Content Analysis Toolkit for Academic Research (CATAR)

Yuen-Hsien Tseng, 2022/07/18 (last version: 2020/03/12)

1. Introduction

CATAR is a software toolkit for users who would like to analyze a set of documents (semi- or un-structured free-text data), especially those publication records from Web of Science (WoS), full-text technical patent documents (in HTML) from USPTO, or any texts worth of analysis (Web pages, interview records, etc.), for the purpose of strategic reading, planning, or research.

The content analysis that CATAR provides can be used to:

To have more concrete ideas of what it can do, please see the examples:

Please check the English Tutorial or Chinese tutorial for a quick overview.


2. CATAR Installation

CATAR was developed in Perl language on MS Windows with MS Excel for data tabulation and MS Access as its databases. So, you should have MS Windows and MS Office on your computer.
Note: After 2017/10/14, the CATAR version for Windows 10 uses SQLite as its database. For USPTO documents, MS Access is still used because many queries for patent analyses are constructed in MS Access query commands, such that once the USPTO patent documents are downloaded, around 20 overview graphs are ready for review.

In additional to MS Excel, Open Office could be used to open the XLS files produced by CATAR. For SQLite database, SQLite Browser can be used to open the SQLite databases.

Below are the steps to prepare your computer to run CATAR:

(1) Download and Install Perl:

Firstly, download the latest Perl interpreter, e.g., Strawberry Perl at http://strawberryperl.com/ for your computer. Note: the 32 bits version is used to analyze USPTO patents.
Then install the downloaded Perl interpreter into your computer by following the installation steps and choose the default settings.

(2) Download CATAR:

Download CATAR from: https://github.com/SamTseng/CATAR (for Window 10).

(3) Decompress CATAR to a target folder:

Decompress the downloaded CATAR file to the folder C:\CATAR.
After decompression, you should find the following sub-folders under C:\CATAR\

(4) Install Perl Modules (Packages):

Make sure your computer is connecting to the Internet.

3. Data Preparation

CATAR is ready for the paper records downloaded from Web of Knowledge (i.e., WoK. Note: WoS is a database in the WoK platform. So hereafter, WoS and WoK are used interchangeably). It means that CATAR knows how to read those downloaded files and do the analysis right away without any further file conversion. To know the desired record format needed by CATAR, please have a look at the example files under Source_Data\sam\data. The following figure shows the options to save records from WoK (Note: Since 2014, WoK has changed its interface. So the screen shots below may not be the same interface you are using now. But the download process remains similar).
Please check WoS_Record_Download.ppt for instructions to download a set of records from WoS.

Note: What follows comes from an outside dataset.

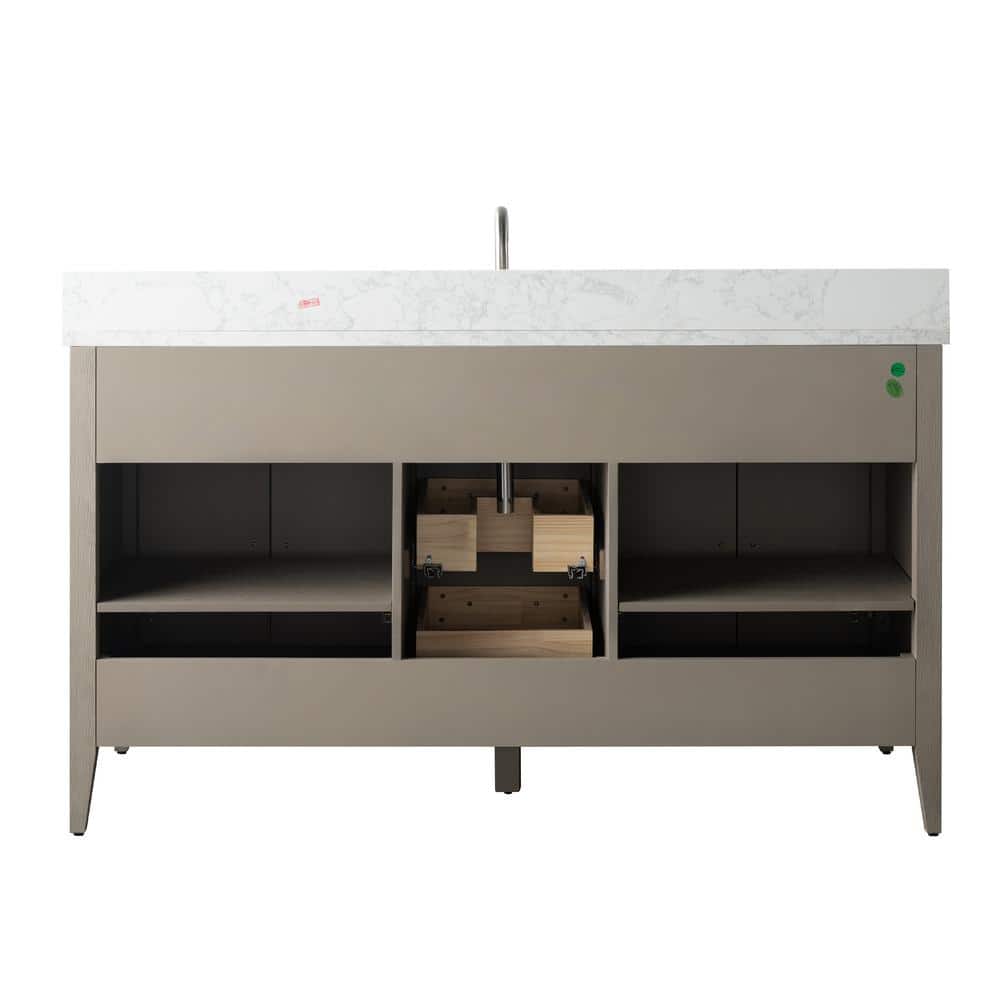 60'' Driftwood Gray MDF Single Sink Freestanding Bathroom Vanity with Engineered Marble Top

When downloading data from WoK, choose these options for correct content and format.

CATAR is also ready for the patent files downloaded from USPTO. Just supply a list of patent numbers (patent IDs), and CATAR will download them from USPTO ( PatFT and AppFT only) and analyze them for you. For details, please refer to: https://github.com/SamTseng/CATAR.

For other types of documents you would like to analyze, please copy the file at: src\Paper_org.db to a new file of your own, and insert your documents into table TPaper in that new file. (You will need some skills about SQL commands.) In fact, CATAR starts various analyses from this table in this new file. You could check the example in the sub-folder: Source_Data\movie\movie.db.


4. Analysis

Three kinds of analyses can be done with CATAR:

  1. Overview analysis : this includes
  2. Breakdown analysis based on bibliographic coupling (BC);
    (This is possible only when the CR (Cited Reference) field is available.)
  3. Breakdown analysis based on co-word (CW, co-occurrence words) analysis.
The last two (breakdown analyses) identify the sub-topics revealed in the document set and provide cross-tabulation analyses for each sub-topic and actor (such as most productive authors or institutes in a certain sub-topic).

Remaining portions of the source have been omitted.